Exercise objective: Go through the entries and copy every line that has the string "background" in it.

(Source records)
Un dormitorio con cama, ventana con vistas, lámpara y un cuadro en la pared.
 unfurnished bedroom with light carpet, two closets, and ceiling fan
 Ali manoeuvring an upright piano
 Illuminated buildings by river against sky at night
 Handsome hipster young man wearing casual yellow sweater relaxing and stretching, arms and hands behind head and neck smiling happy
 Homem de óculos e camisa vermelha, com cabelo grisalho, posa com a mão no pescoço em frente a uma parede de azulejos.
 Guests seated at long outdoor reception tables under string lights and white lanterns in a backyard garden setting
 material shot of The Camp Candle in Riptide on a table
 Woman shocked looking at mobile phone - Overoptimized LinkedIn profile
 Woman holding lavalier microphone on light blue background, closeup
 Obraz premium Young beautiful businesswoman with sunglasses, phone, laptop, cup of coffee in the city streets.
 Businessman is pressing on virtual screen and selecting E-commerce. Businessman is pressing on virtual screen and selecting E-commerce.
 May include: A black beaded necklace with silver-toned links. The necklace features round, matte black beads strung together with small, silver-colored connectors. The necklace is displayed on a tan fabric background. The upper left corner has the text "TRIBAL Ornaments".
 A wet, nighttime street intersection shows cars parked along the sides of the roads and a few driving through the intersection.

Solved exercise:
 Woman holding lavalier microphone on light blue background, closeup
 May include: A black beaded necklace with silver-toned links. The necklace features round, matte black beads strung together with small, silver-colored connectors. The necklace is displayed on a tan fabric background. The upper left corner has the text "TRIBAL Ornaments".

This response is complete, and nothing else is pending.